Increasing urban development, threatened aquatic population levels, and ever-tightening budget constraints demand restoration efforts that are well designed and implemented. Stillwater Sciences employs a performance-led approach to process-based restoration planning and implementation that includes:
We identify the watershed-specific context, the limiting physical and biological conditions, the biological performance criteria, a prioritized suite of measures best suited to restore natural aquatic function, and a monitoring strategy to ensure the long-term achievement of management goals. The result is a recommendation for restoration that is tailored to the specific needs of the watershed and site, taking into account both historical and future conditions (e.g., land use and potential climate change impacts). Capitalizing on the diversity of our expertise and experience, our restoration projects incorporate watershed-scale understanding of the physical and biological context, channel morphology, natural recovery, flow and sediment transport processes, habitat structure and diversity, and the specific needs of critical or endangered species.
Our projects range from revegetation to improve wetland habitats to adding in-channel structures to enhance riverine habitats.
Based on our systematic analysis of the North Umpqua basin, we determined that Rock Creek had by far the greatest potential for coho salmon restoration of any tributary in the basin.

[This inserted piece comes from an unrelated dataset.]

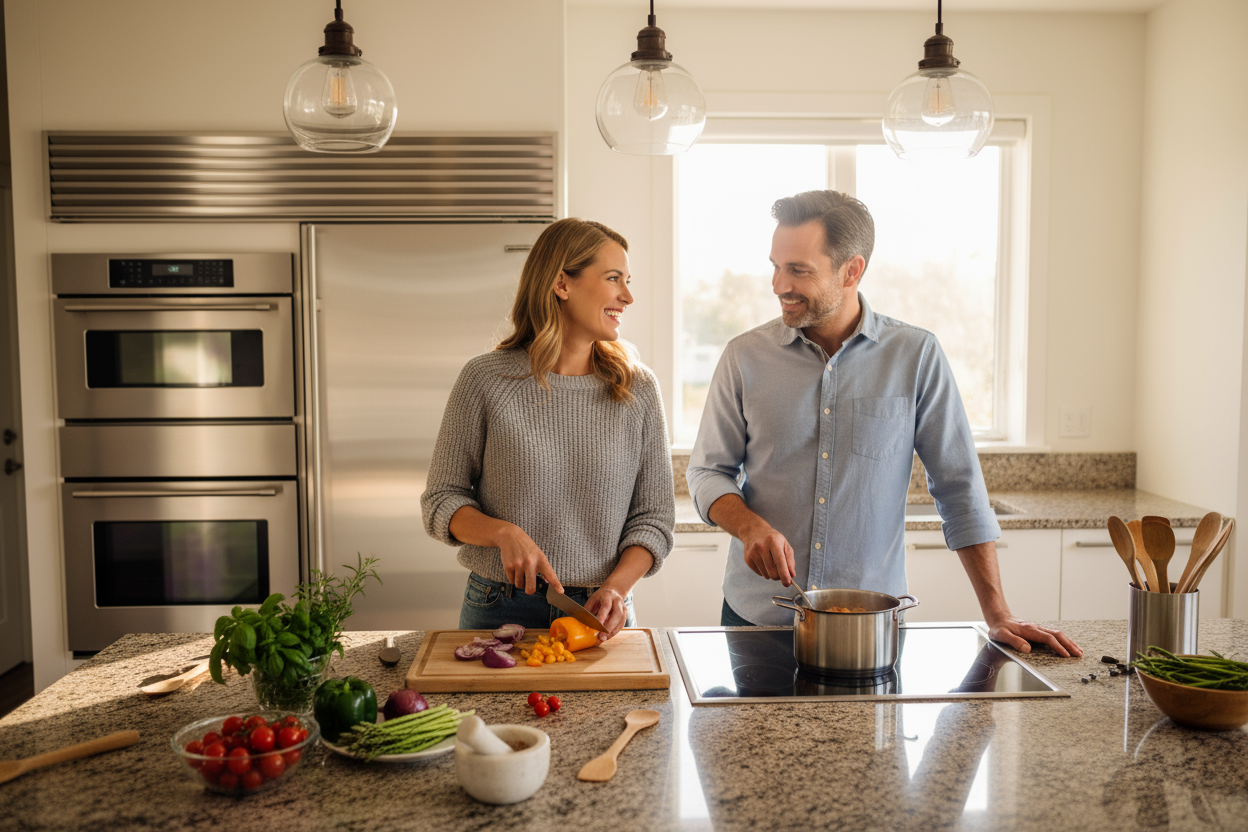 الام والاب في المطبخ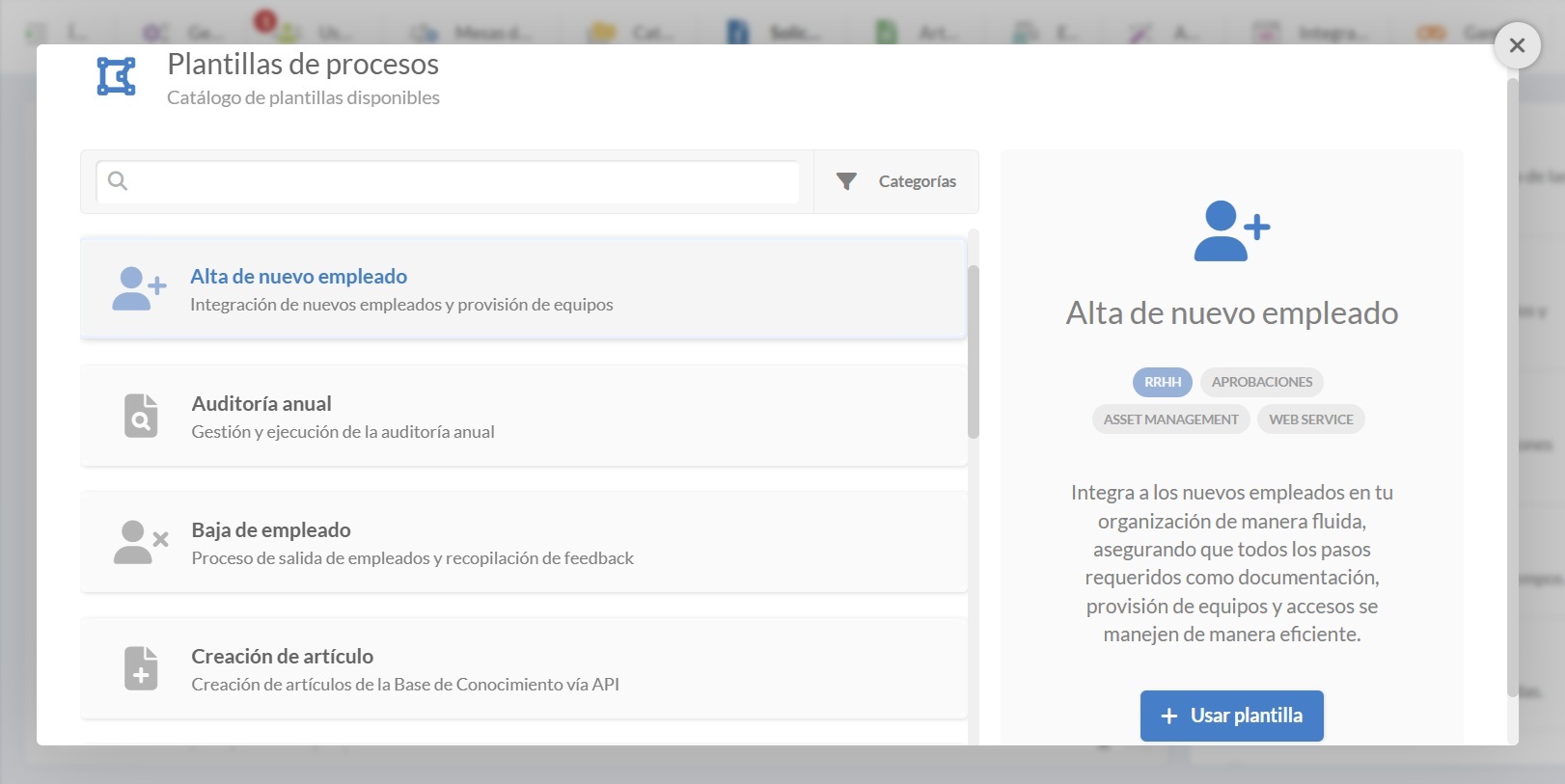 Captura de pantalla del menú de plantillas de procesos en InvGate Service Management con la opción de onboarding seleccionada.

We developed a conceptual model for coho salmon in Rock Creek, and evaluated hypotheses of potential limiting factors with focused studies and model runs (using RIPPLE ) to conclude that winter habitat was the primary factor limiting coho populations in Rock Creek. We designed and implemented a wood and boulder placement experiment to help determine the best configuration for restoration of the reach, and are currently monitoring the effectiveness of this approach. For more about this project, click here.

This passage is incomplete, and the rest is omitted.